9月は「防災月間」です。また、毎年9月1日は「防災の日」と定められています。「防災の日」は大正12年9月1日に発生した関東大震災にちなんだもので、震災の教訓を忘れないという意味とこの時期に多い台風への心構えをという意味から、昭和35年に制定されました。また、9月1日の前後である8月30日~9月5日を「防災週間」として、防災訓練などが各地で行われます。災害の多い日本に住んでいる私達において、過去の災害を教訓にして災害を未然に防ぐことや、被害を軽減できるように準備をすることはとても重要なことです。
今回は私が自身の教訓として残している災害経験をご紹介させていただきます。
土木技術職の公務員として働いていたころの話です。私の住む地域で、震度7の地震が起こりました。担当した現場の一つに学校敷地のブロック積擁壁が被災した現場がありました。擁壁の上は学校の運動場、擁壁の下は幅員4mほどの道路でした。道路の延長は120mほどで、坂道になっているため、路面からの擁壁高は2m~5mでした。擁壁の被災状況としてはブロックのひび割れが見受けられ、はらみが1部見受けられる箇所がありました。擁壁天端際には運動場の排水のための側溝が設置されており、地震の揺れにより破損状況が激しい箇所も上流側でありました。

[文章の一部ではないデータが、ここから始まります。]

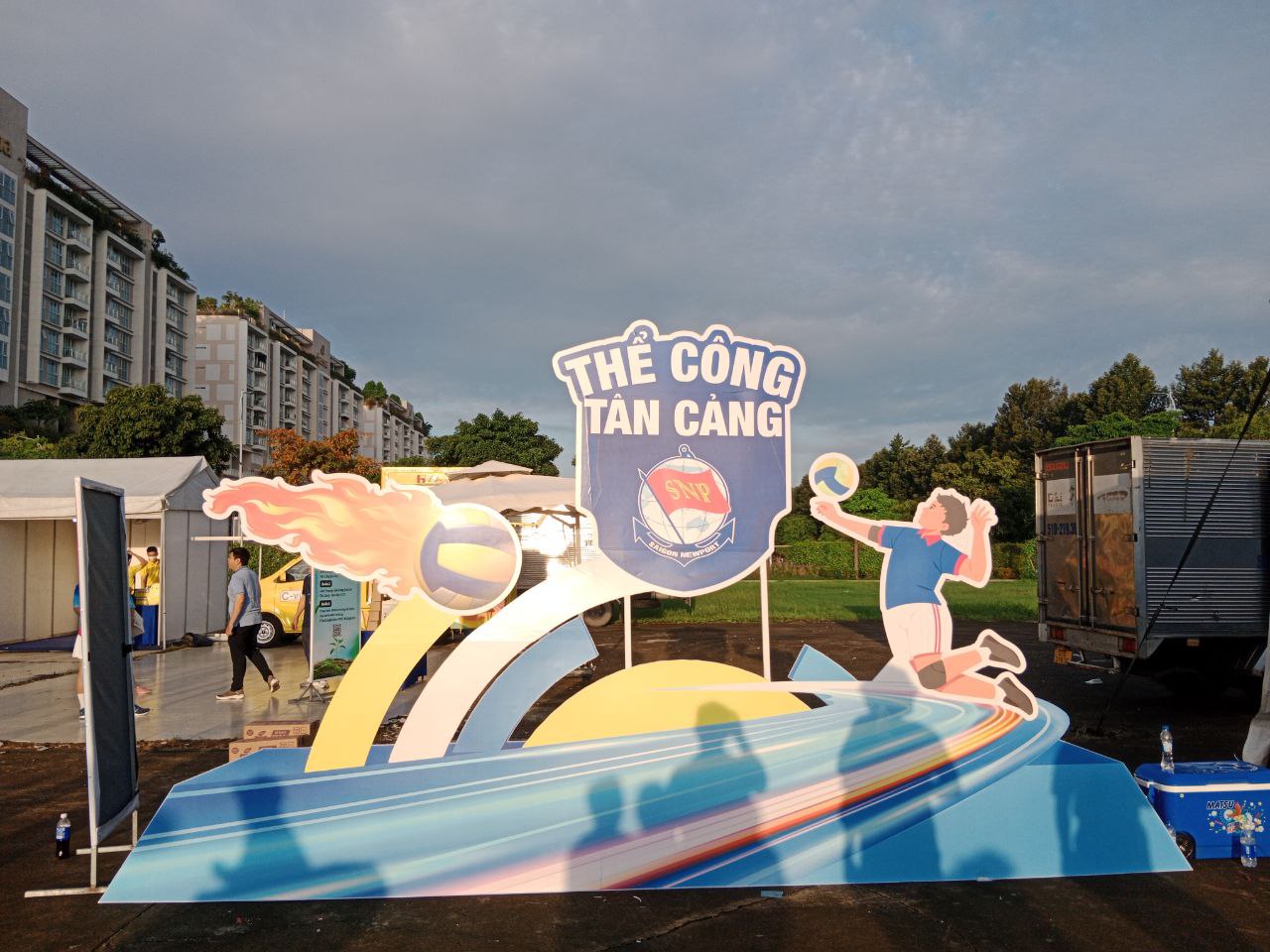thi-cong-booth-chup-hinh-gia-re.jpg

復旧方法として、全区間のブロック積み擁壁の再構築と側溝の復旧を計画しました。しかし、復旧工事に着工するためには災害査定を受け、予算枠を確保しなければなりません。災害査定も簡略化されてきているとはいえ時間を要します。崩壊した箇所の応急復旧など、日常生活を回復させる緊急工事を優先していたので、災害発生時期は4月中旬でしたが、本箇所の工事着工は梅雨明け後が想定されました。そのため、「被災した状況で養生しながら、梅雨越えをする」ということが課題になりました。
上部の敷地の運動場には水みちができており、損傷の激しかった側溝の方に向かっていました。運動場に降った雨水がそこへ流れ込むと擁壁背面に水が流入し危険なため、仮対策として比較的健全な側溝へ導水するように土嚢を積み、ブルシート養生を行いました。
平面図イメージ
仮対策後は、降雨時には定期的に観察し、時間雨量20mmを超えるような時でも良好に対策効果が発揮されていることを確認していました。しかし、対策むなしく擁壁が崩壊してしまったのは、予定通り測量に入り、順調に進んでいると思い始めた梅雨の中頃のことでした。 前後の時間はあまり激しい雨は降っていなかったのですが、夜11時過ぎから12時過ぎの1時間程度で100mm程の大雨が降ったのです。崩壊したのは側溝の損傷が激しかった約15m区間でした。想定以上の雨水が隙間などから流れ込み、擁壁の背面に流入し崩壊させたのでした。
横断図イメージ
崩壊に伴って、土砂やコンクリート塊が擁壁下の道路を塞いでいました。元々、人通りは多くない道で、時間帯も深夜帯であったため、通行人はおらず、2次被害が起こらなかったことが何よりでした。
次の日の朝から本格的に崩壊土砂などの撤去を行い、交通開放をしました。また、擁壁が崩壊したため、さらに雨水で法面が侵食されないようシート養生と、コルゲート管を一部に設置し道路側溝へ繋ぎました。このことにより崩壊箇所の大雨時の対策はもちろん、本工事における擁壁復旧時の一時撤去期間などにも仮排水箇所として利用でき、なんとか復旧を行うことができました。
今回、ご紹介したケースでは私の当初対応で何らかの措置を行っていれば再災害は起こらず済んだと感じています。この災害経験から私が教訓としていることは3点です。
今回は短時間に想像を超える激しい雨が降りました。台風などにおいても「今回は大丈夫」、「こっちの地域は大丈夫」といった気持ちが命取りです。
対策が十分か心配だったため定期的に観察を行っていました。観察が不要というわけではありませんが、不安点があったのであれば、やはり初期の段階で対応しておくべきでした。災害が起こってからでは遅いです。
今回は様々な要因が重なって擁壁が崩壊しました。点検業務等において、対象物そのものだけでなく、それらを取り巻くものから起こりうる崩壊形態や、損傷の可能性を想像することが災害を未然に防ぐうえで非常に重要だと思います。
私が自身の教訓として残している災害経験のご紹介については以上です。
少しでも災害対応時の参考にしていただければ幸いです。最後まで読んでいただきありがとうございました。